3 Feature Extraction Using Deep Generative Model

The feature extractor is one of the most important parts of a speech processing system that extracts low-dimensional and efficient information from the input speech signal. MFCC is one of the most popular features in speech processing. The MFCC algorithm aims to extract the envelope of speech signals. This feature is known as a short-term feature. On the other side, several long-term features have been introduced for different speech recognition scenarios [58], which may not properly describe the speaker’s specific information despite the contextual information. Therefore, finding particular features that are effective in speaker recognition can significantly affect the performance of these systems.

Deep learning is a novel method widely used for feature extraction from raw data or classical feature engineering methods [48]. Accordingly, this research applies a special type of probabilistic generative deep neural network called deep belief networks [22] under autoencoder architecture that can be an unsupervised feature extractor. Recent studies on speaker verification have exploited the benefits of DNNs in acoustic modeling and feature extraction [48]. To use DNNs in acoustic modeling, the network must be trained with the specific information of each speaker.
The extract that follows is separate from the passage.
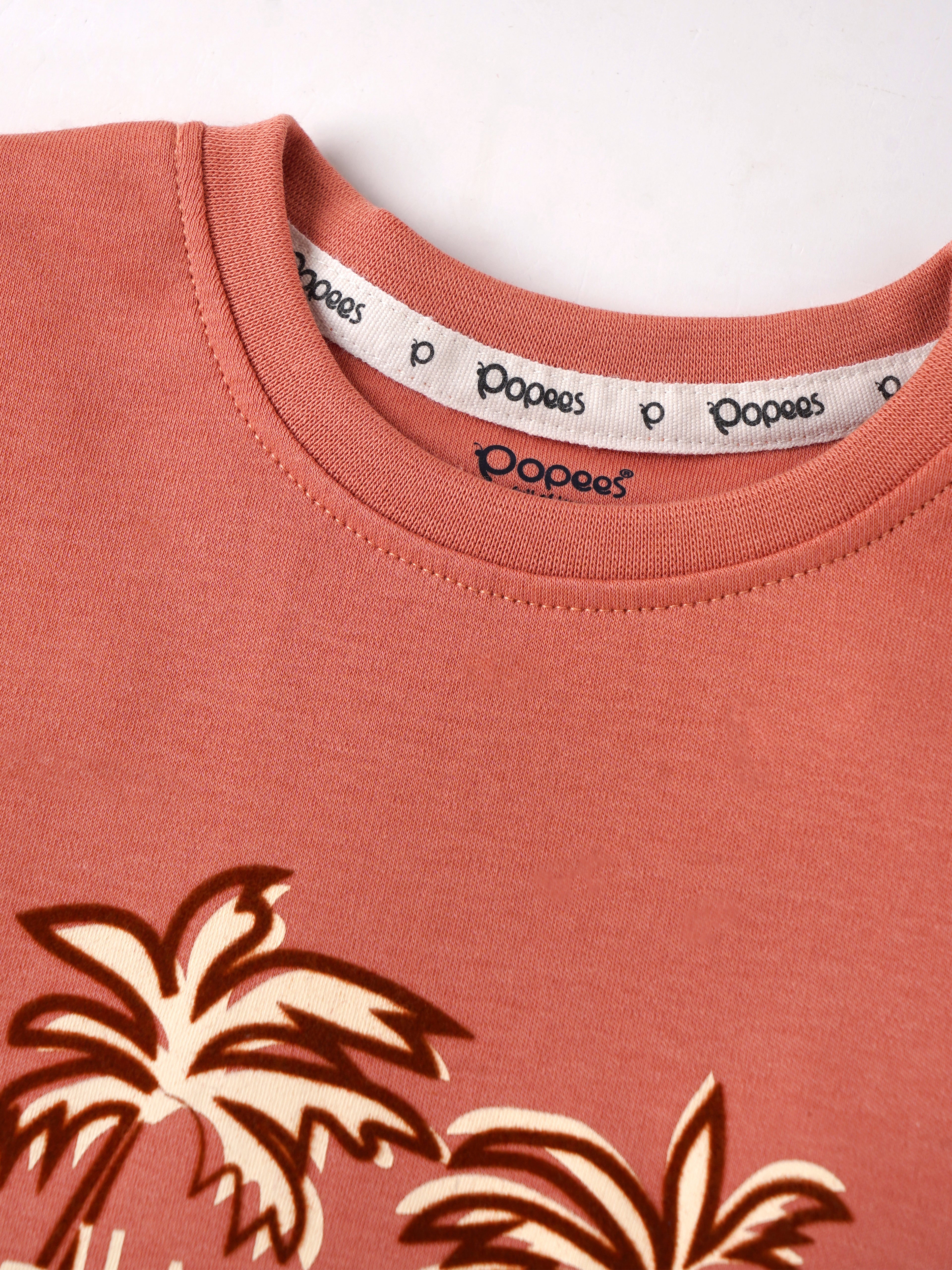 Popees Baby Boys Printed T-Shirt with Shorts Set| Coral & Beige| 3-36 Months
The deployment of DNNs as the feature extractor consists of supervised [47] and unsupervised [16] scenarios. The supervised approach needs labeled data, and the selection of the labels is important and dependent on the context (text-independent or text-dependent). In the proposed unsupervised mode, the DBN is used in the autoencoder architecture, in which the network attempts to reconstruct the information of the input layer in the output layer.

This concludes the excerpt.